Thursday’s Book and Author Breakfast may have its usual early start, but there will be no dozing off this year. Not with Chelsea Handler, comedian, host of E!’s Chelsea Lately, and author of two blockbuster bestsellers (Chelsea Chelsea Bang Bang and Are You There, Vodka? It’s Me, Chelsea) as master of ceremonies.

Handler, who is making her first visit to BEA, is here as both publisher and author. Her imprint for Grand Central Publishing—A Chelsea Handler Book/Borderline Amazing Publishing—saw its first title, Lies That Chelsea Handler Told Me, hit the bestseller list. Its second, MAN UP!: Tales of My Delusional Self-Confidence by Chelsea Lately roundtable panelist Ross Mathews, was released this month and Handler’s next outing as an author, Uganda Be Kidding Me, is due in October.

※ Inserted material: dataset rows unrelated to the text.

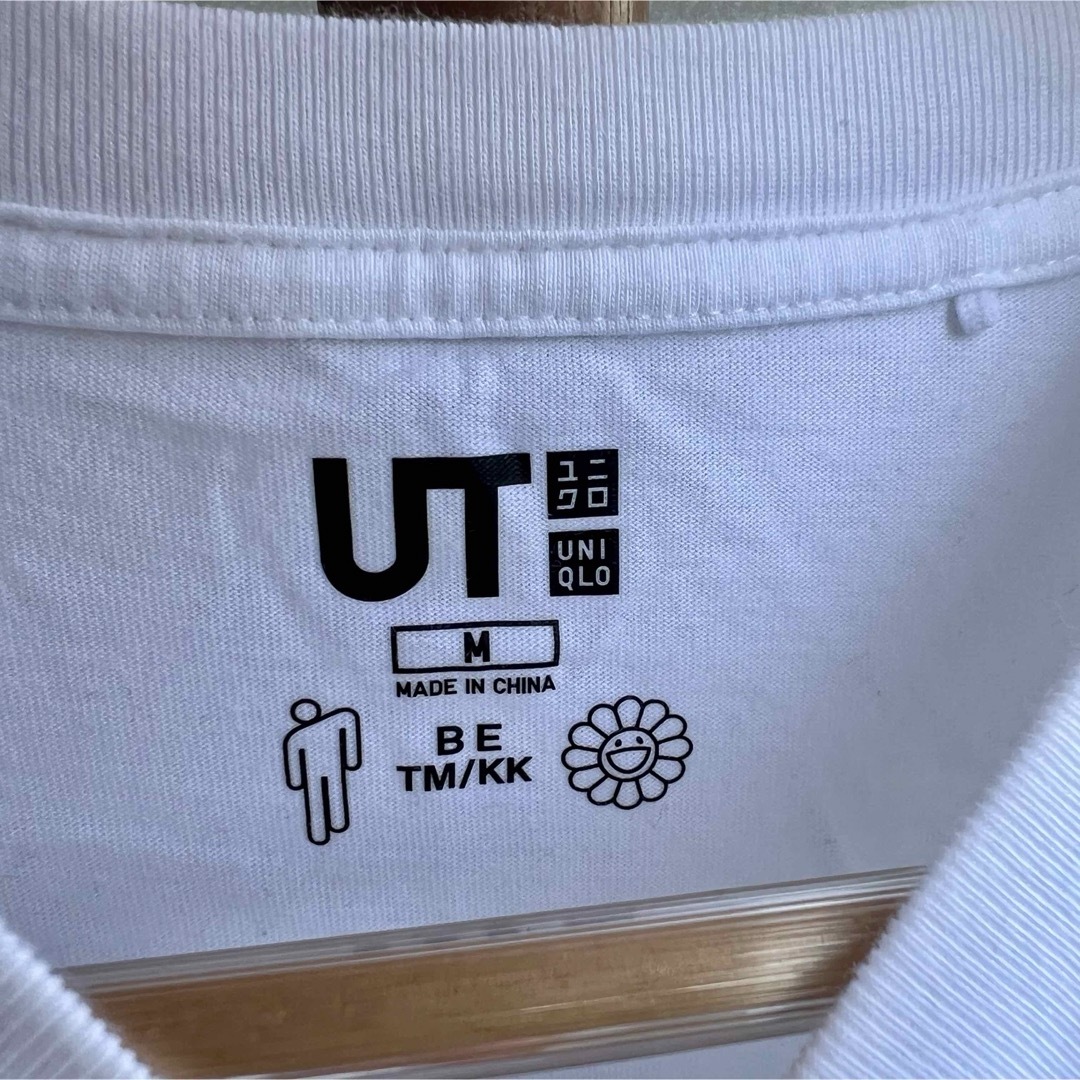 UNIQLO(ユニクロ)のUNIQLO Billie Eilish 村上隆 コラボ Tシャツ 白 M  メンズのトップス(Tシャツ/カットソー(半袖/袖なし))の商品写真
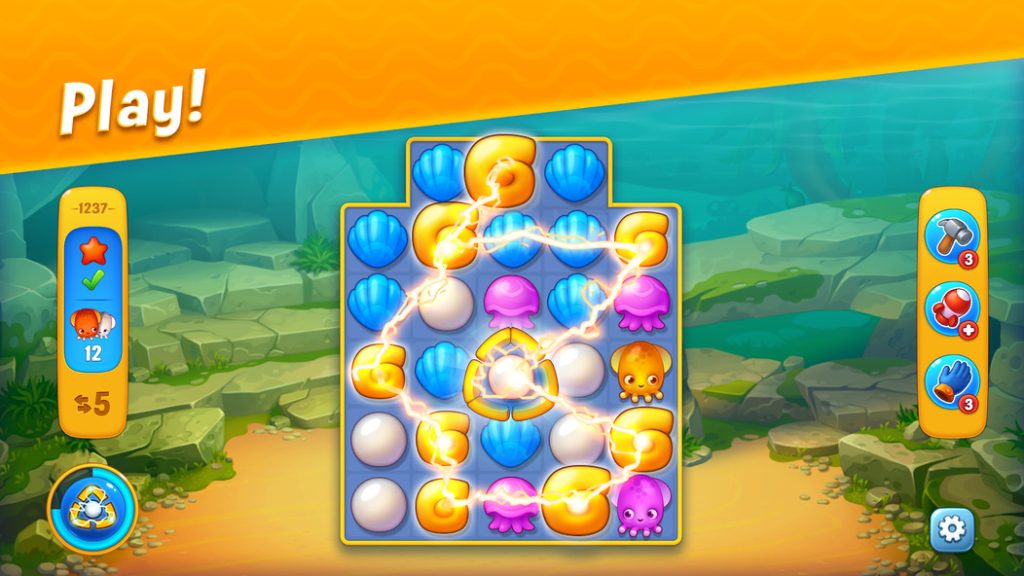Fishdom для детей — настройки. Fishdom
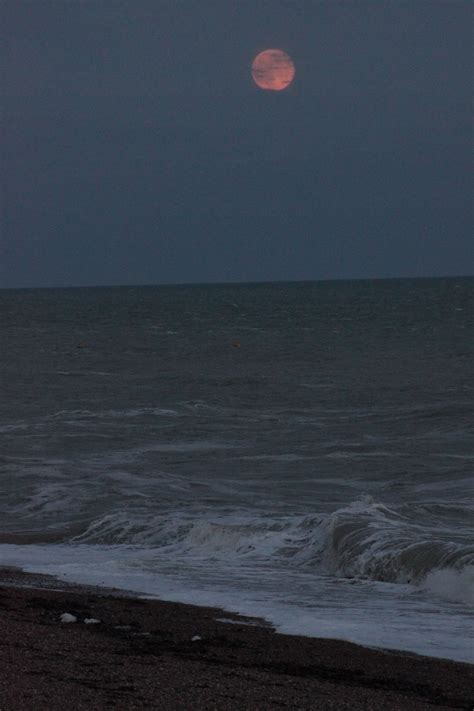 Super Moon over Brighton Beach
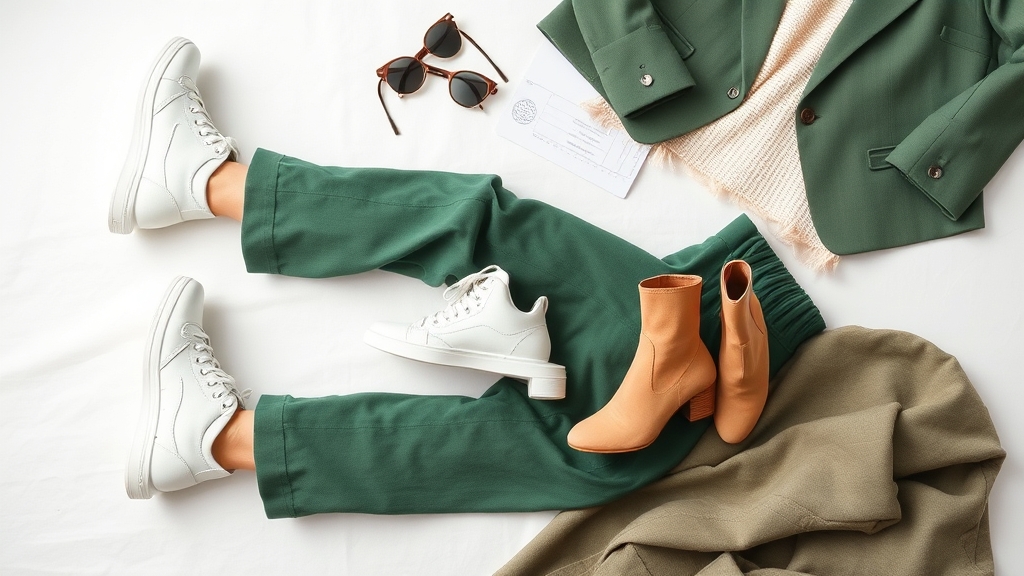 wszechstronne stylizacje zielonych spodni
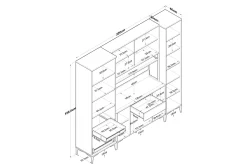 Hjørneskap|Barskap-Manorma Highboard Hvit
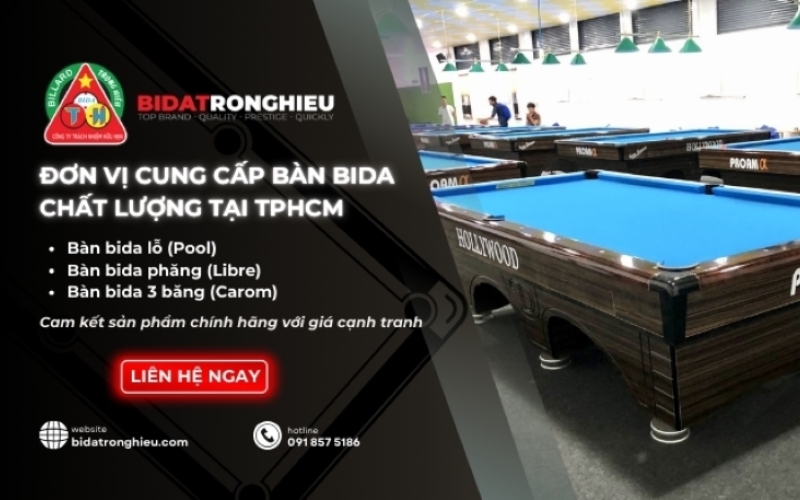 địa chỉ cung cấp bàn bida trọng hiếu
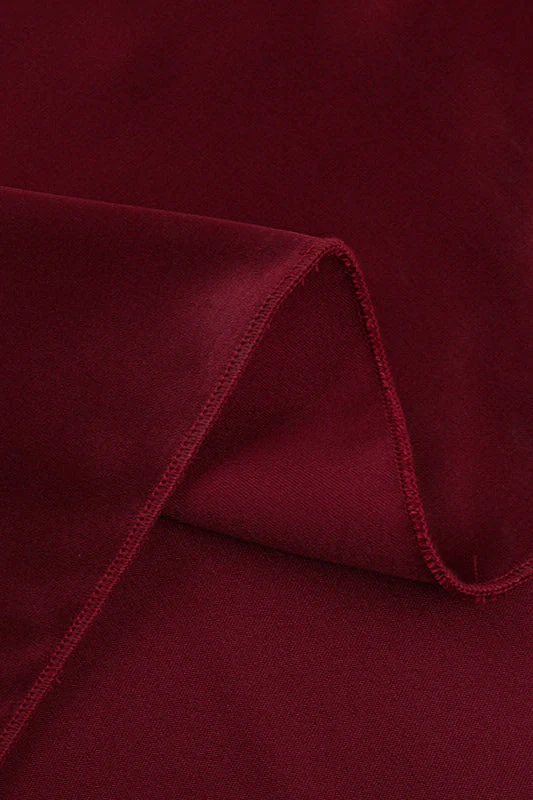 Halter Backless Satin Party Dress - Image 7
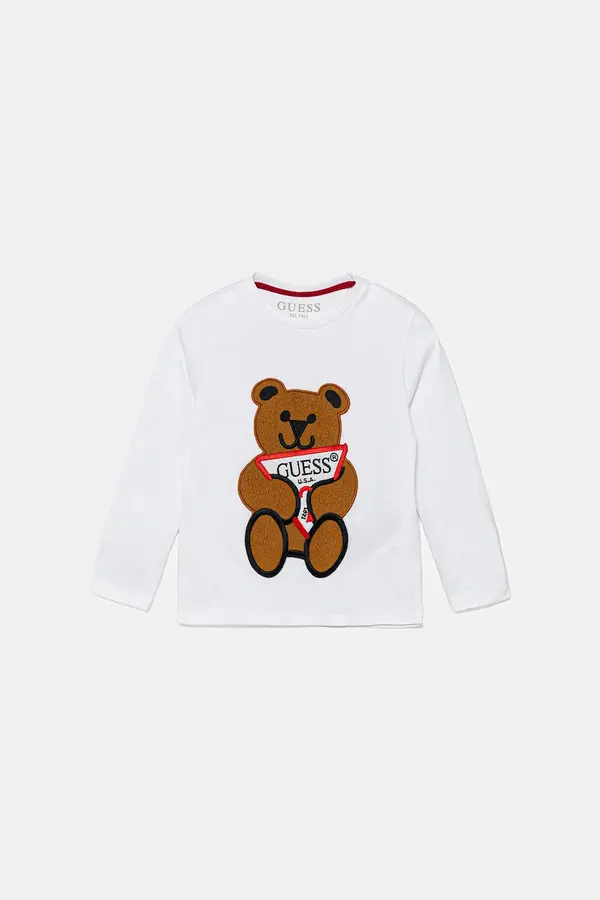 Guess Bombažen otroški longsleeve Guess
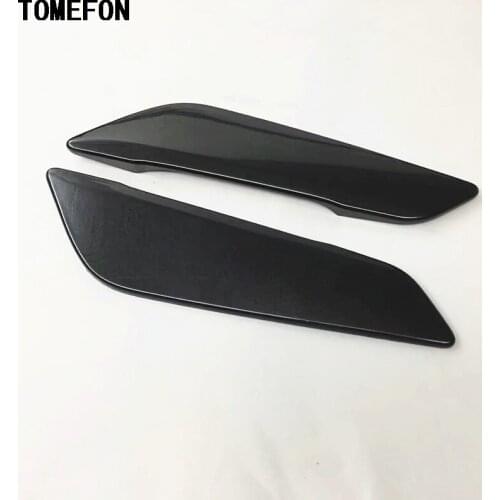 For BMW 5 Series G30 G31 2017 2018 ABS Chrome Black Car Side Body Fender Cover Air Wing Vent Trim 2PCS/SET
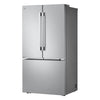 LG 36" 27 Cu. Ft. Counter-Depth MAX® French 3-Door Refrigerator – Stainless Steel - LF27NCH10S | Réfrigérateur à 3 portes LG de 27 pi3 et de 36 po de profondeur comptoir MAXMD à portes françaises - acier inoxydable - LF27NCH10S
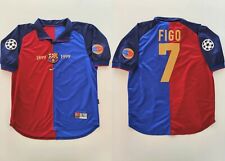 Camiseta FC Barcelona Figo 1999/00 Nike Home Centenary Champions tamanho G comprar usado  Enviando para Brazil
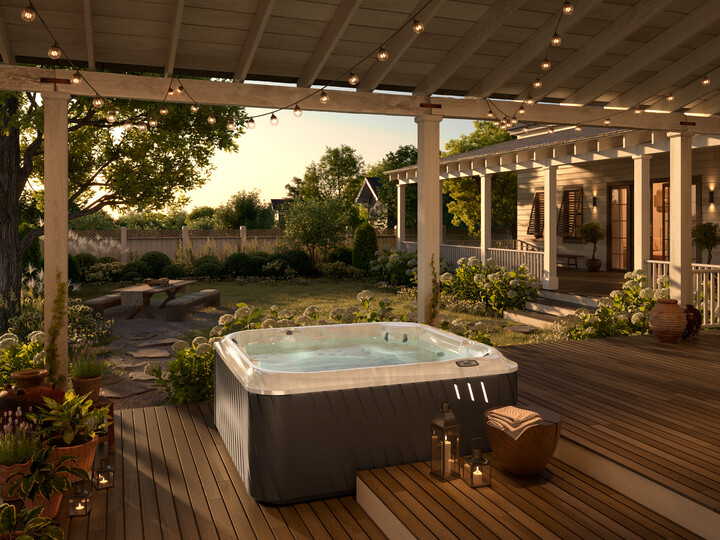 hot tub deck ideas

“The book’s about me, a girl from New Jersey, going on all these amazing trips—Botswana, South Africa, the Bahamas, Montenegro, Croatia. I always go with a big group, so that lends itself to lots of characters.” Like her friend Shelly: “I awoke at 4:45 a.m. in Johannesburg, South Africa, in my bra and underwear and looked over at my lesbian friend Shelly, who was in pajamas. Adult pajamas are hard to take seriously, especially when they are worn by a forty-five-year-old woman and are silk screened all over with pick-up trucks.”

A passionate reader as well as a writer, Handler should have no trouble fitting in with a convention hall filled with book lovers. She doesn’t take a moment to think before she shares the books she’s most recently read: A.M. Holmes’s May We Be Forgiven; her friend Gabrielle Reece’s new book, My Foot Is Too Big for the Glass Slipper; Jennifer Egan’s A Visit from the Goon Squad; and Jonathan Tropper’s One Last Thing Before I Go. “My dad made me read all the time—I think he was worried because I had blonde hair and blue eyes. I appreciate it now because I read constantly—I’m addicted to it. It’s definitely a good habit he got me into.”

Handler is doing a photo-op following the breakfast at the Grand Central booth (1829).